Instructions for the task:
Repeat every line of the data exactly, but not the pictures.

|---|

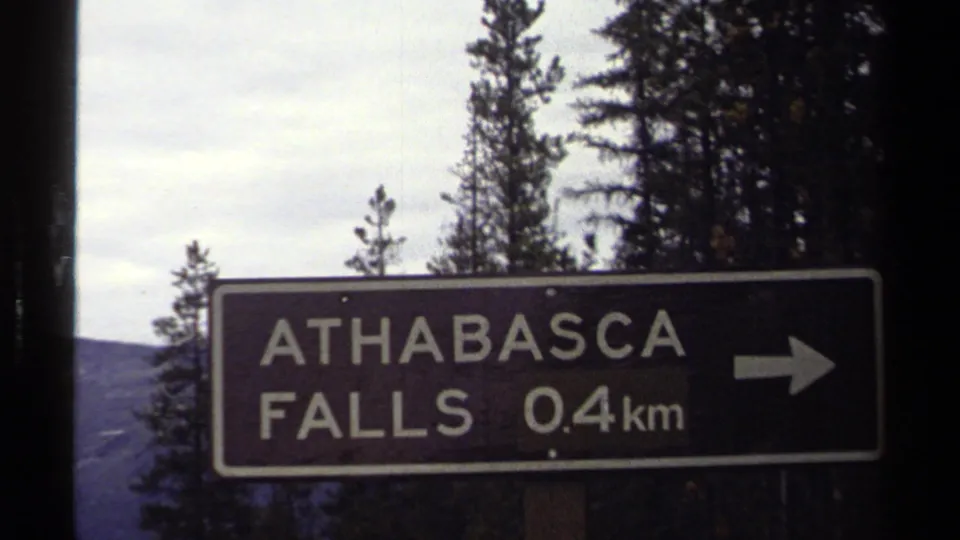 1979 8mm travel frame showing an Athabasca Falls 0.4 km direction sign with arrow, trees, and cloudy sky behind it.
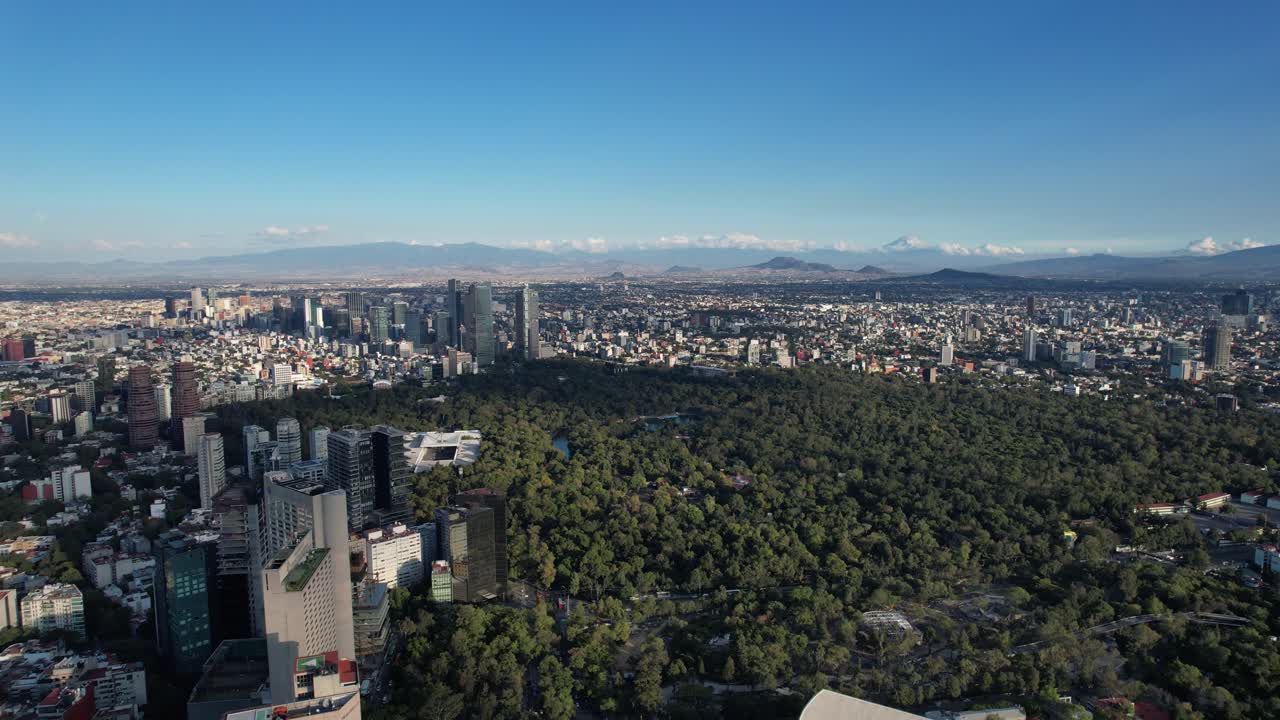 Backwards drone shot of chapultepec forest in mexico city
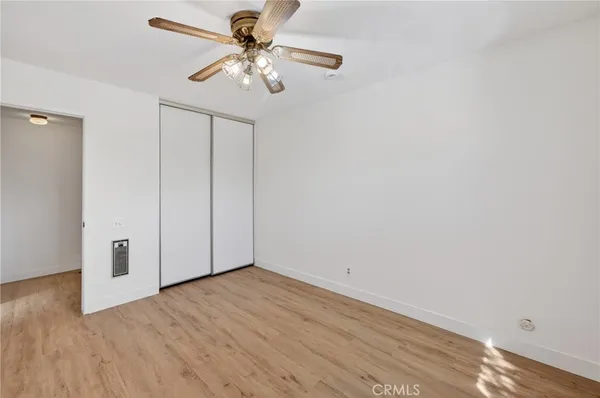 an empty room with wooden floor fan and windows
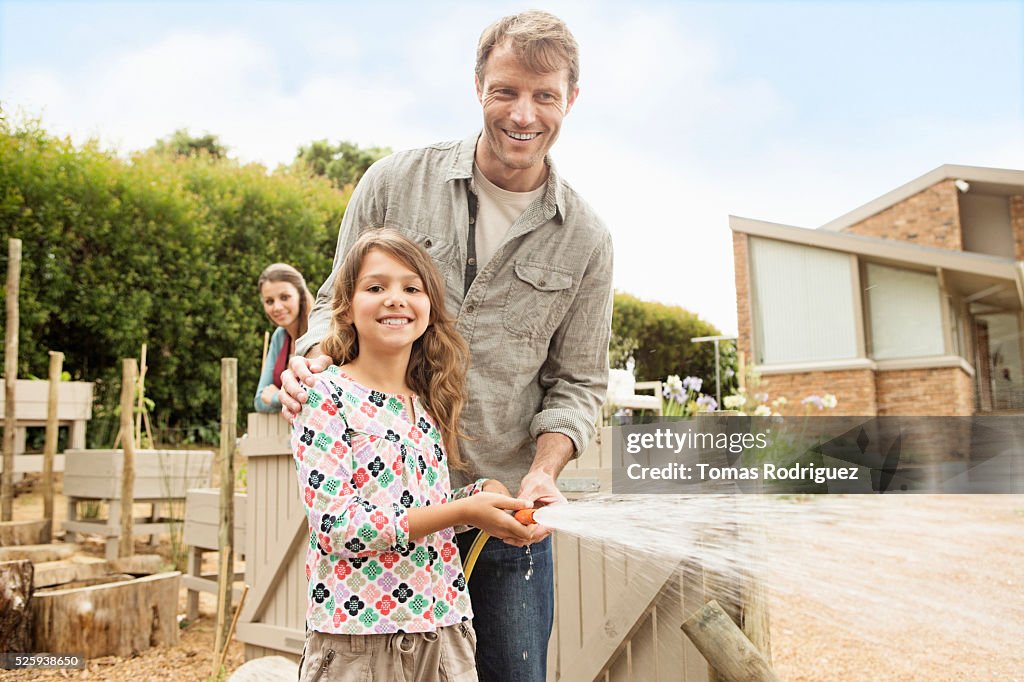 Father with daughter (8-9) watering vegetable garden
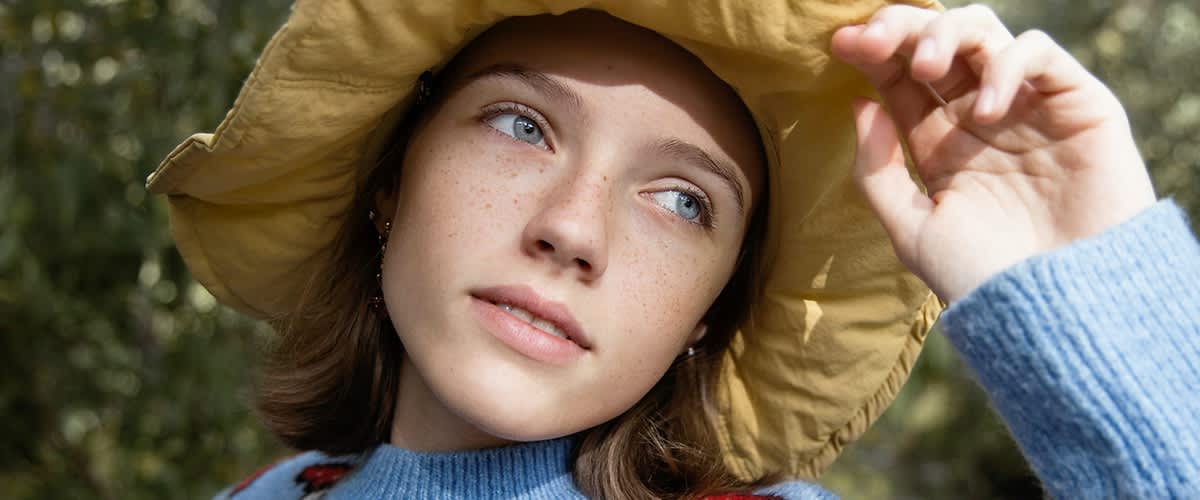 Junge Frau blickt in die Sonne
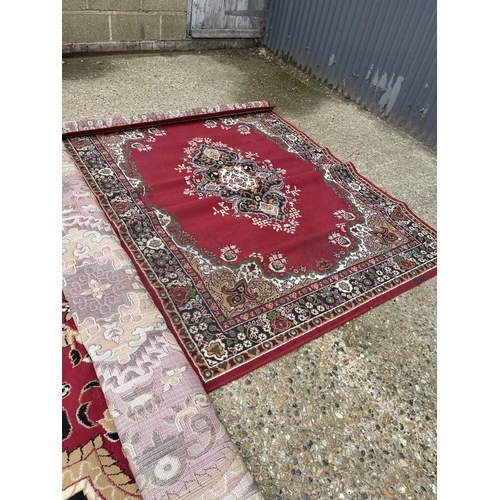 77 - Two large red pattern rugs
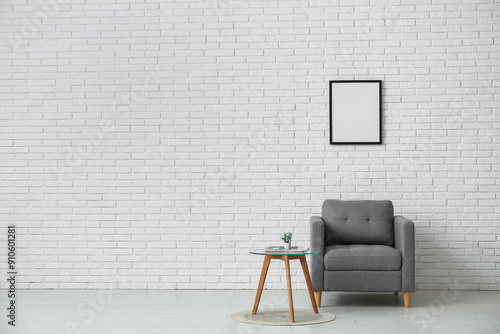 Armchair, coffee table with magazine and houseplant near white brick wall in room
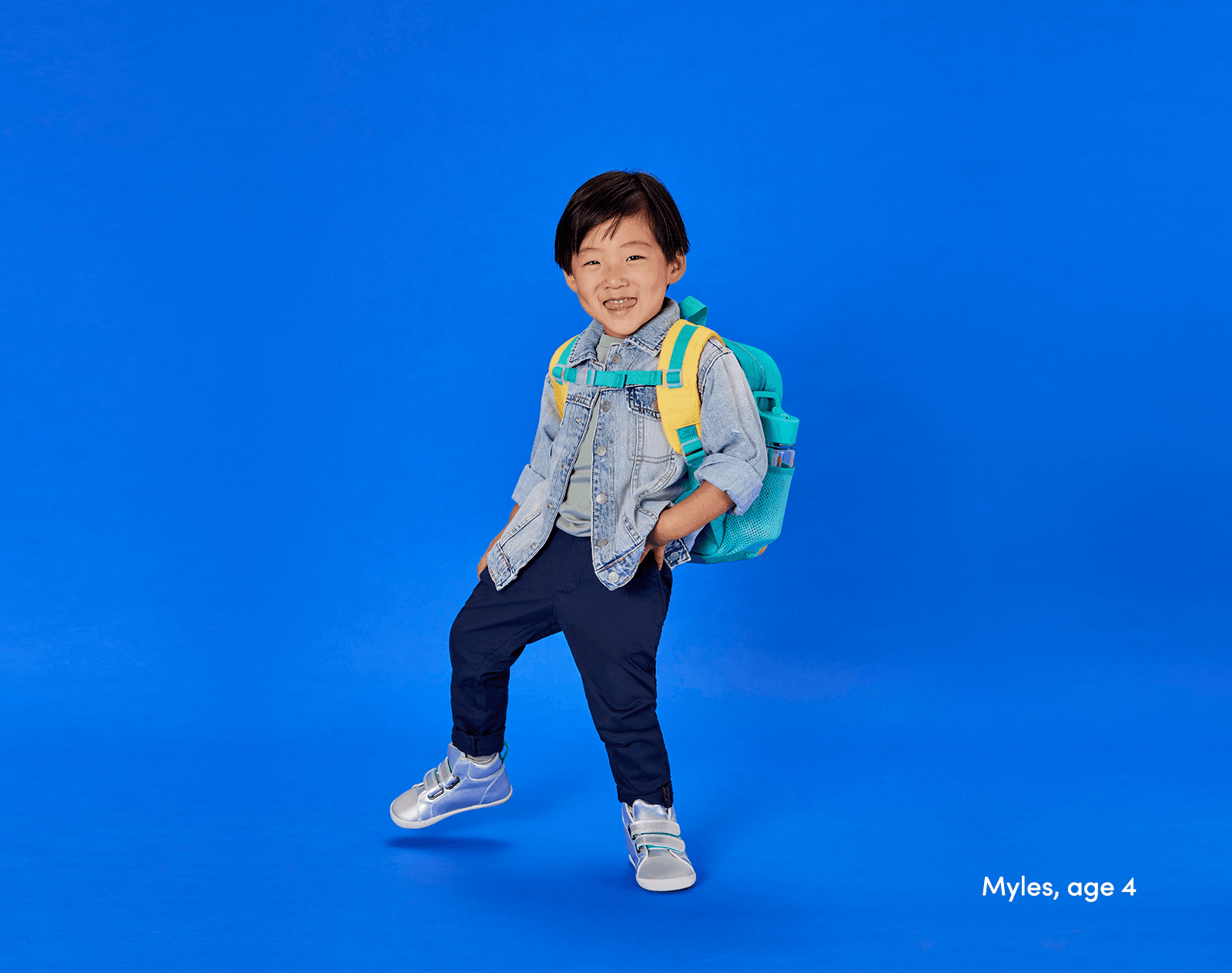 Boy age 4 wearing Ten Little Recycled Backpack 12 Inch - Teal & Yellow. Available at www.tenlittle.com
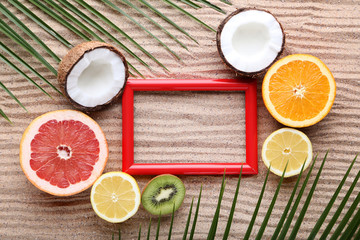 Red frame with different fruits on wooden table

|---|

Solution for this problem:
 1979 8mm travel frame showing an Athabasca Falls 0.4 km direction sign with arrow, trees, and cloudy sky behind it.
 Backwards drone shot of chapultepec forest in mexico city
 an empty room with wooden floor fan and windows
 Father with daughter (8-9) watering vegetable garden
 Junge Frau blickt in die Sonne
 77 - Two large red pattern rugs
 Armchair, coffee table with magazine and houseplant near white brick wall in room
 Boy age 4 wearing Ten Little Recycled Backpack 12 Inch - Teal & Yellow. Available at www.tenlittle.com
 Red frame with different fruits on wooden table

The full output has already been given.